XxxxXxxx XxYyXxx xxxxxxx99 at xxxxxxx.xxx
Mon Oct 5 19:57:54 MDT 2009

Thanks for the heads up Jim,
I started to write a response but it was getting kind of drawn out, so I’ll keep it to a single simple CLEAR question, and we’ll see if we can do more later, like I said, I’m not in the position to comment on this at any length and that’s why I refer to the literature, which, of course, must be read critically; speaking of which, Rosa’s ban of Zeleny’s book sounds a li’l dogmatic for a Wittgesnteinian-Trotskyist, no?

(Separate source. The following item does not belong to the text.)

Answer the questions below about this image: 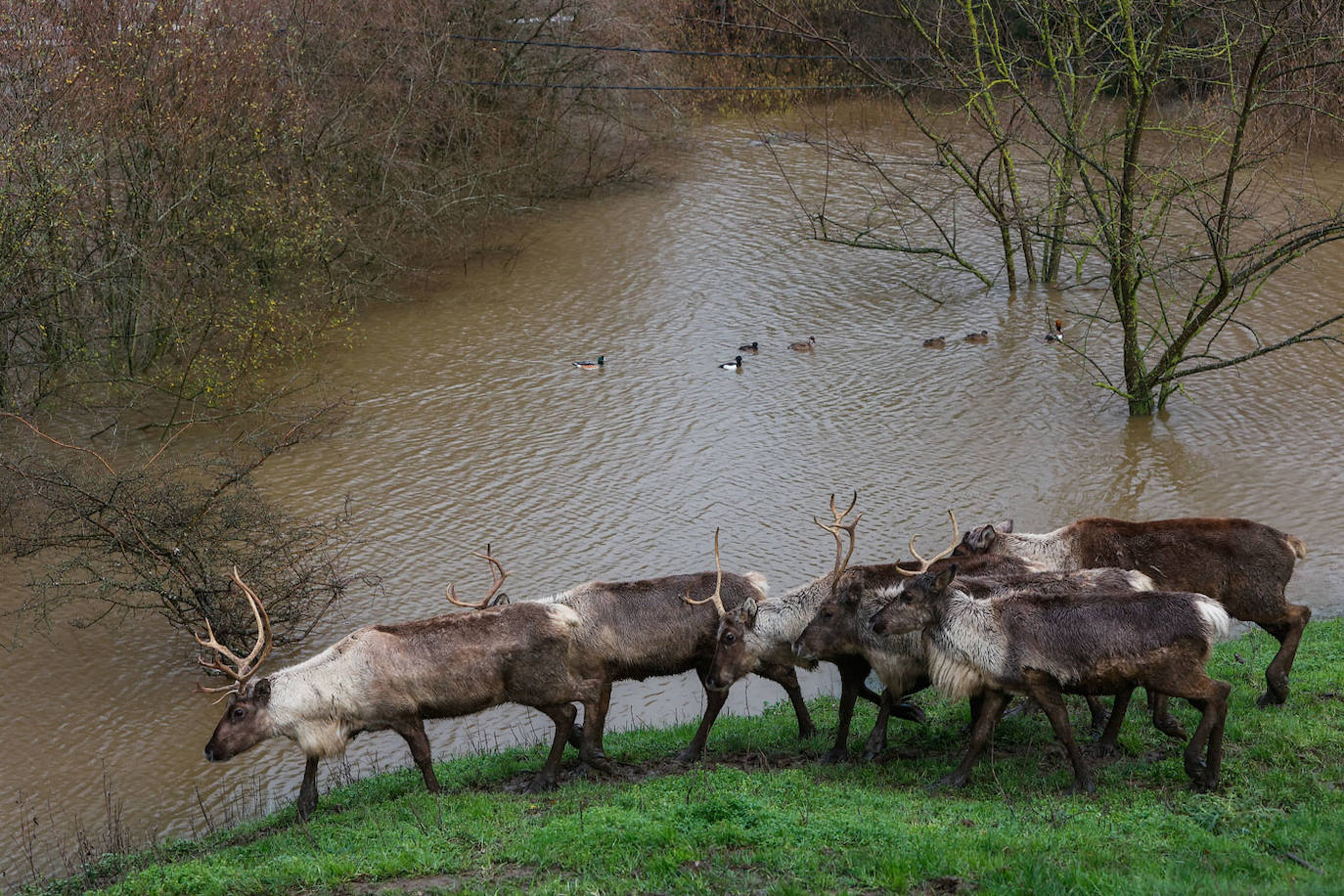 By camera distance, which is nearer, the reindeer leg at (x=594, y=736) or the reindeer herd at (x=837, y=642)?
the reindeer herd at (x=837, y=642)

Rosa did get something right out of my comment, which wasn’t intended as a ‘totalistic’ critique of all her writings, which I haven’t read, but were only my impressions of the debate at the Marxist Humanist Initiative. Alas, it was only one thing: it was off topic. That’s because according to Marx’s materialist conception of history, or any possible reading of it I can think of, -by the way, Marx never had a grand theory of historical materialism- taken in its full literal sense, “social being determines consciousness”, so that to ask for a ‘clear’ (where does this ‘clarity’ come from? who’s clarity is it, Wittgenstein’s? Giaquinto’s? Priest’s? Or could this rather be your alienated consciousness which doesn’t recognize the abstract image in which it must represent itself so that it, by necessity, reproduces the capitalist mode of production?) explanation of dialectical contradiction is an abstract fixation; it’s the wrong topic (!). We could talk about the dialectical method, someday, but the point is you give logic, clarity, or what have you, an independent existence; is that not the essence of idealism?

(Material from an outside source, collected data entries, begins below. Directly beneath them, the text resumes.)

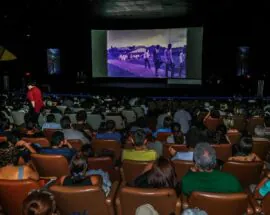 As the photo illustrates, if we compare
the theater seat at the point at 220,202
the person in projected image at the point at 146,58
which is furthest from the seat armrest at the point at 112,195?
the person in projected image at the point at 146,58

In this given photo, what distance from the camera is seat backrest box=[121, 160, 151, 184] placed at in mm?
4406

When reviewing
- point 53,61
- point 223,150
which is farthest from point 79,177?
point 53,61

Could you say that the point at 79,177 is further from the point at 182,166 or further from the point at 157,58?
the point at 157,58

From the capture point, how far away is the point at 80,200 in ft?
10.5

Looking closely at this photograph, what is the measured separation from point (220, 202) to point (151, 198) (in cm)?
57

But please, don’t take it from me, here is the old man himself, in historical materialist mode,
“When, for instance, wealth, state-power, etc., are understood by Hegel as entities estranged from the human being, this only happens in their form as thoughts ... They are thought-entities, and therefore merely an estrangement of pure, i.e., abstract, philosophical thinking. The whole process therefore ends with absolute knowledge. It is precisely abstract thought from which these objects are estranged and which they confront with their presumption of reality. The philosopher – who is himself an abstract form of estranged man – takes himself as the criterion of the estranged world. The whole history of the alienation process [Entäußerungsgeschichte] and the whole process of the retraction of the alienation is therefore nothing but the history of the production of abstract (i.e., absolute) thought – of LOGICAL, speculative thought.”

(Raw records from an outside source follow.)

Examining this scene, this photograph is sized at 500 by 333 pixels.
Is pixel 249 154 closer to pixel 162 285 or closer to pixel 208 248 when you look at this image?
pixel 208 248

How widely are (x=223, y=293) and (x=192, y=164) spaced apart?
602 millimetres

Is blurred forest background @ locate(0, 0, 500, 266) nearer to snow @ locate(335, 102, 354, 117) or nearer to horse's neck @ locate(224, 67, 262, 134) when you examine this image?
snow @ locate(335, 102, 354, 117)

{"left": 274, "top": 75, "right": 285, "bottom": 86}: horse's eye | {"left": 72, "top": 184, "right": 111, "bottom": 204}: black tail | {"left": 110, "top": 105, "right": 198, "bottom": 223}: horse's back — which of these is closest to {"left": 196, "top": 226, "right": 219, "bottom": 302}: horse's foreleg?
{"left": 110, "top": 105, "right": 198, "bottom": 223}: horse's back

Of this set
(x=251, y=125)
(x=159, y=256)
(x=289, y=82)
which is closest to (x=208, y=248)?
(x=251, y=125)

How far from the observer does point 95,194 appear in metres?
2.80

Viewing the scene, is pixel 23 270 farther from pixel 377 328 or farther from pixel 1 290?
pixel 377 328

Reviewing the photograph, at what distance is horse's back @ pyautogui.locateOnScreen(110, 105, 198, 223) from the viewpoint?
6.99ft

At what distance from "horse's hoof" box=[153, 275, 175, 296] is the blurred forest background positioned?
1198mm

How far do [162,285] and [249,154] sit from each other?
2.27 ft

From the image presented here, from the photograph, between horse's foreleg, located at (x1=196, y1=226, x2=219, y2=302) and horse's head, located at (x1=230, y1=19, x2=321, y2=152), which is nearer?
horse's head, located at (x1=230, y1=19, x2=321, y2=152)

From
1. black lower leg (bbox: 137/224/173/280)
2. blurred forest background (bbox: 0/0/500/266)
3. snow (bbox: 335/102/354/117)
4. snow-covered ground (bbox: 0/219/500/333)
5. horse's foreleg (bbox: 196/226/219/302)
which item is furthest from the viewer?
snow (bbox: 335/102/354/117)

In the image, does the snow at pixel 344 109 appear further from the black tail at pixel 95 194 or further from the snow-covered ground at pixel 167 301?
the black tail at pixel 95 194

And, with regard to the materialist conception of history,
"Therefore, to the kind of consciousness – and this is characteristic of the philosophical consciousness – for which conceptual thinking is the real human being, and for which the conceptual world as such is thus the only reality, the movement of the categories appears as the real act of production – which only, unfortunately, receives a jolt from the outside – whose product is the world; and – but this is again a tautology [SIC] – this is correct in so far as the concrete totality is a totality of thoughts, concrete in thought, in fact a product of thinking and comprehending; but not in any way a product of the concept which thinks and generates itself outside or above observation and conception; a product, rather, of the working-up of observation and conception into concepts. The totality as it appears in the head, as a totality of thoughts, is a product of a thinking head, which appropriates the world in the only way it can, a way different from the artistic, religious, practical and mental appropriation of this world. The real subject retains its autonomous existence outside the head just as before; namely as long as the head’s conduct is merely speculative, merely theoretical. Hence, in the theoretical method, too, the subject, SOCIETY, must always be kept in mind AS THE PRESSUPOSITION."
Rosa says she agrees with this conception, but this is only from a proto-idealist standpoint. For where does Rosa account for the social origins of formal logics, whatever kind, she makes such an unwarranted fuzz of? Did logic fall from the sky? Are we to believe that on the basis of neoclassical economics, along with the puny game theory of “analytical Marxism”, etc., etc., all but blatant manifestations of an inverted consciousness which doesn’t take society as the presupposition but directly starts from the imposition that society ‘should’ conform to the pure form of logic, and have served as the instrument of domination for the ruling classes, compels us all to pay homage to formal logic, because of how, it, coming from an abstract netherworld, and whose movement APPEARS as the real act of production, has developed nice purrrty technologies? 
Yeah let’s read Von Neumann before Marx, “johnny boy”, as they called him, was such a radical, making atomic bombs and shit…
Where does logic come from Rosa?
p.s. thank you so much for bashing me next to Richard Levins. Awesome!